Wednesdays Are for Fish Fry.
25 March, 2010 § Leave a comment
rubber boots suck along gouges
trucks ground into the land’s long curve.
we stomp past overturned oil drums,
climb a low hill, toward town,
looking for blue to open
behind rain’s greased rags,
to wring the sky’s last drops
beyond the forlornness of puddles,
fistfuls of gold.
– – susan ioannou, “treasure hunt” (2005)
Work called me back to the road this morning and I gladly heeded the clarion tones, hopping behind the wheel with “Upstate Roadtrip Tunes” at hand, and drove from Houghton to Rochester – – and then Rochester on to North Syracuse (via an accidental detour on back-roads because I forgot to turn off the “toll road” avoidance feature on my GPS; it turned out to be a beautiful section of road with steep lines of silvery firs on either side of the disappearing yellow pavement lines, however, so I wasn’t complaining) – – North Syracuse on to Watertown – – and Watertown to Alexandria Bay – – before finally ending in Ogdensburg around dinner-time today.

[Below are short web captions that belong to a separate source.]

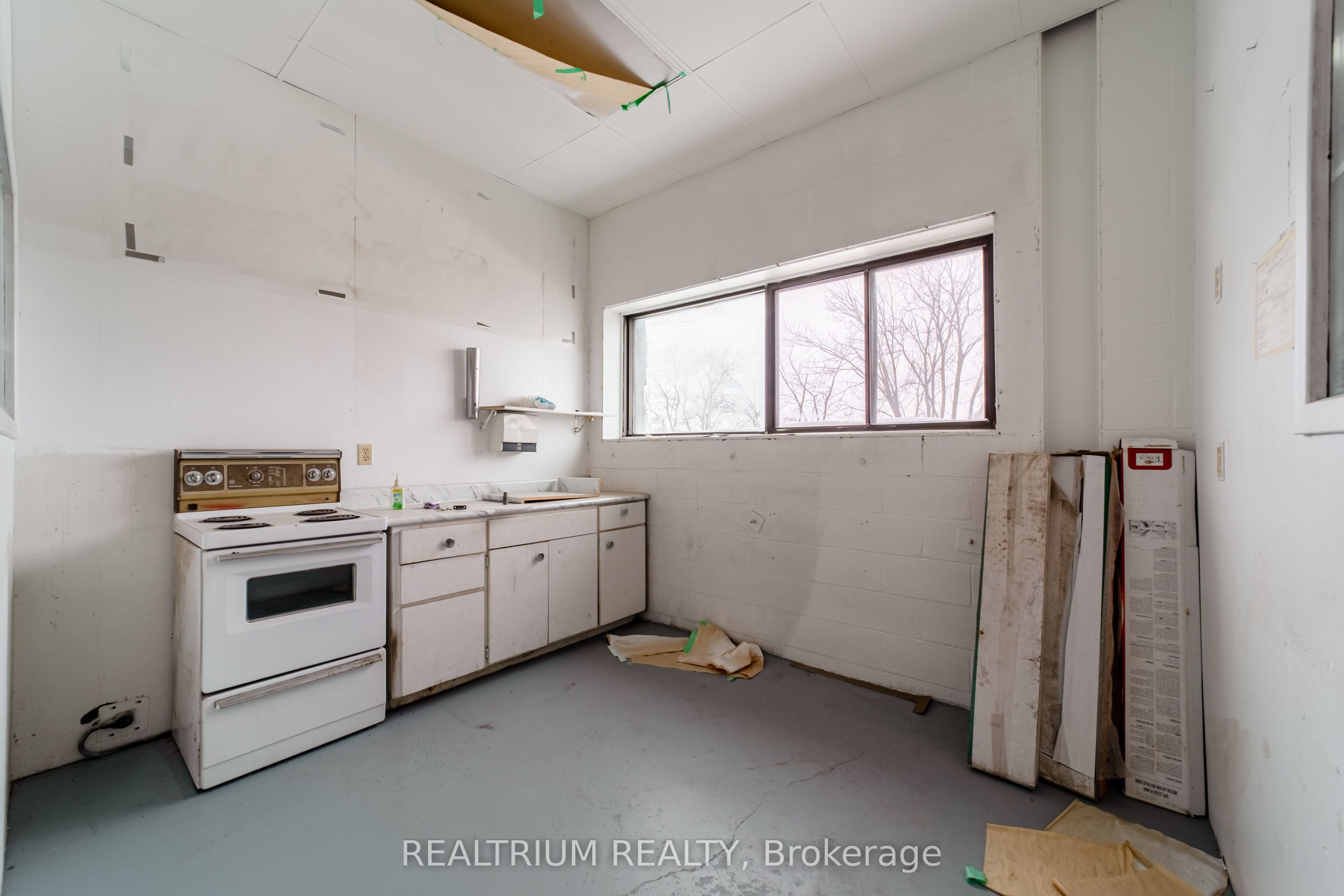 44 Bridge Street Property Photo 12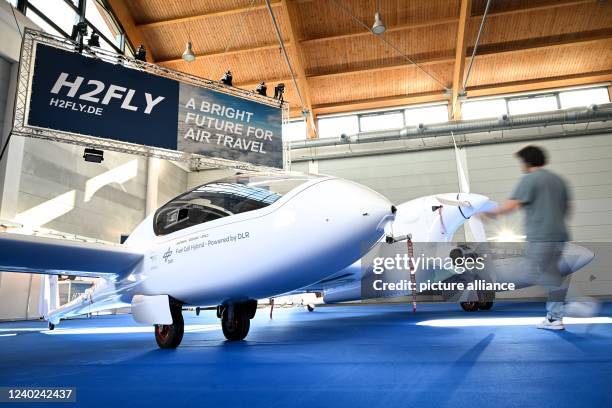 April 2022, Baden-Wuerttemberg, Friedrichshafen: Flight engineer Michael Lang turns the rotor of the HY4 hydrogen aircraft. The HY4 is the first...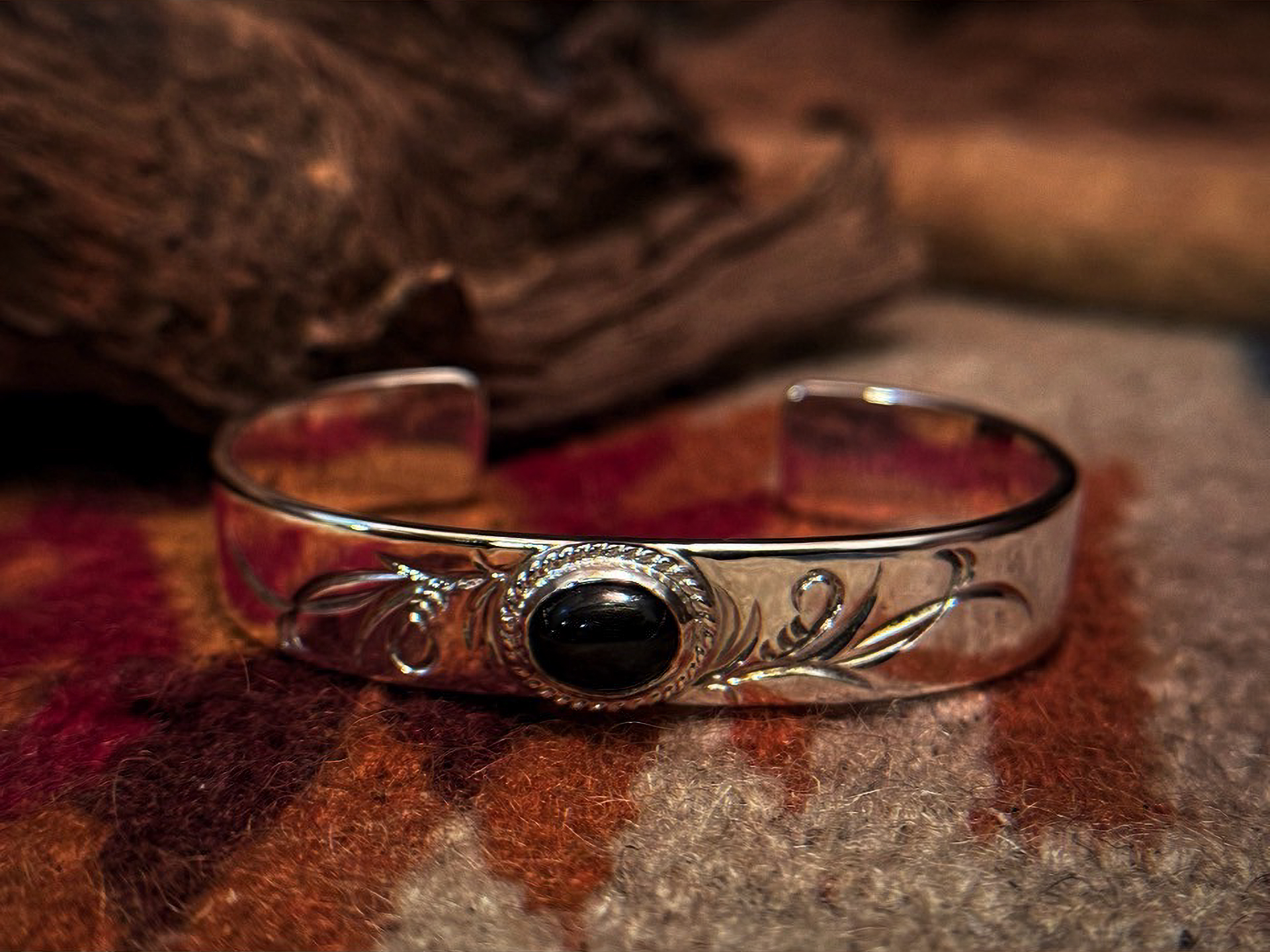 ブラックスター with ショートアラベスクソフトエッジバングル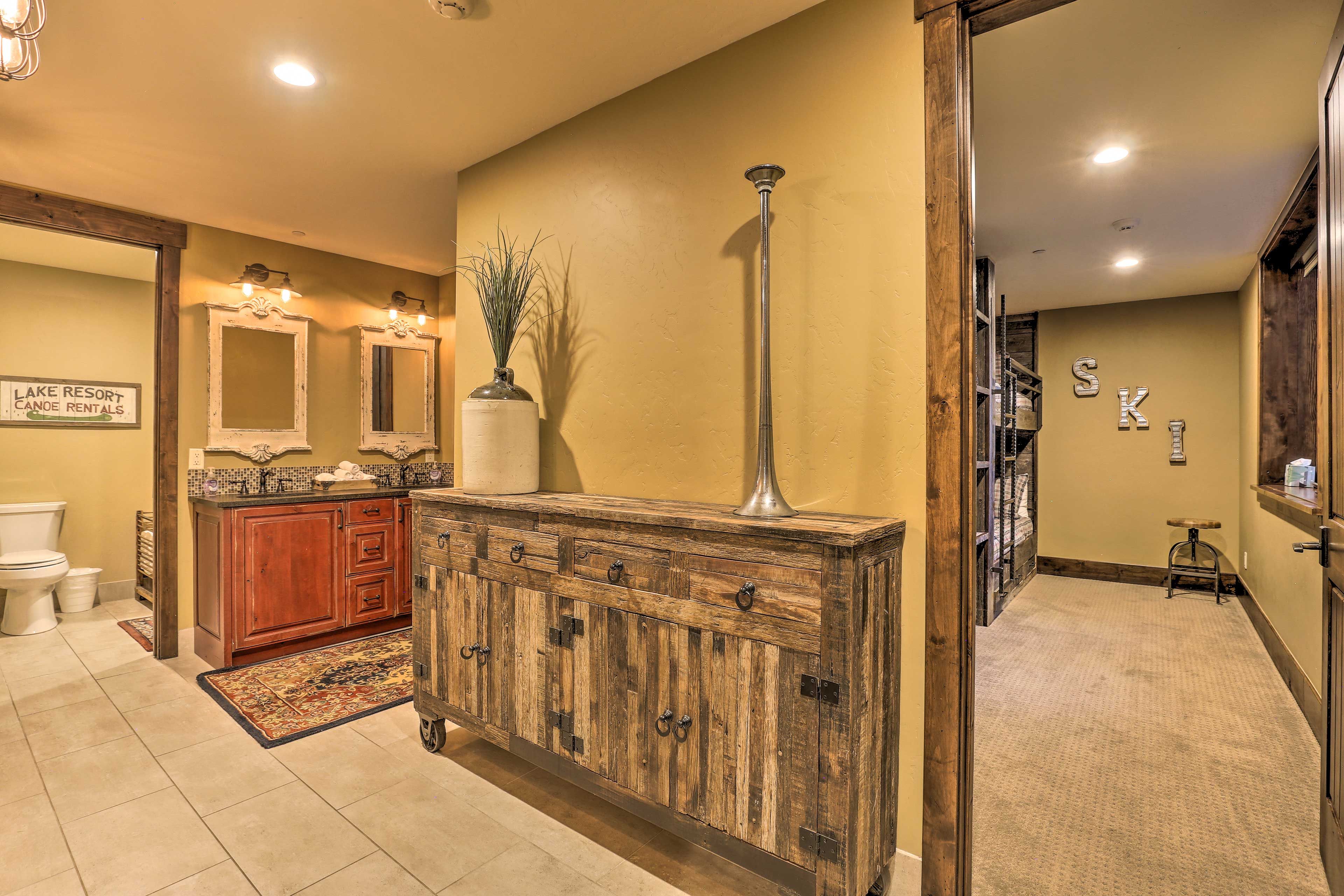 Full Bathroom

This is my first time in the North Country, a place whose boundaries are defined as outlining the “extreme northern frontier of New York, bordering Lake Ontario, the Saint Lawrence River (across the Canadian provinces of Ontario and Quebec), Vermont and the Adirondacks. Generally speaking,” our useful friend Wiki continues, “the North Country is understood to be that portion of northern Upstate New York which lies outside the Adirondack Park and consists of mostly level lands or Adirondack foothills, but is not within the Adirondack range itself. The region is the most sparsely populated, but also one of the geographically largest, in New York State. At the 2000 census, the population of all six counties was around 422,000.”
My impressions thus far? In addition to the beautifully weathered pines that proliferate the coast of the St. Lawrence River, the expanses of golden bogs and lichen-covered boulders remind me of Maine in the fall. Once I left Syracuse behind, fast-paced highways soon turned into long stretches of winding country routes – – crowded suburban sprawl became comfortable quilt squares of rambling farm lots – – fast-food restaurants were replaced by rugged diners – – and I passed more than one camo-clad, pipe-smoking, John Deere farmer’s hat-bearing grandfather chugging along in a rusty pickup truck. Naturally, both parties involved raised a cordial hand of greeting every time, although I couldn’t help but wonder if my brightly-colored scarf from Spain gave my non-native identity away…
Besides local flavor and the innumerable delights of the landscape outside my window, other highlights of the trip today included:
condensation down the side of iced coffee (black, of course)
flaking billboards offering promises of brimstone, Scripture-like
several off-roading adventures through river-side harbors and fallow fields
three deer roused from sleep next to an abandoned barn
the unexpected bonus of French jazz, courtesy of Canadian radio
a violently magenta-colored Victorian home
and, last but not least,
genuine fish fry, complete with crispy battered chips, alongside the St. Lawrence River
Yes. It’s been good to welcome this day.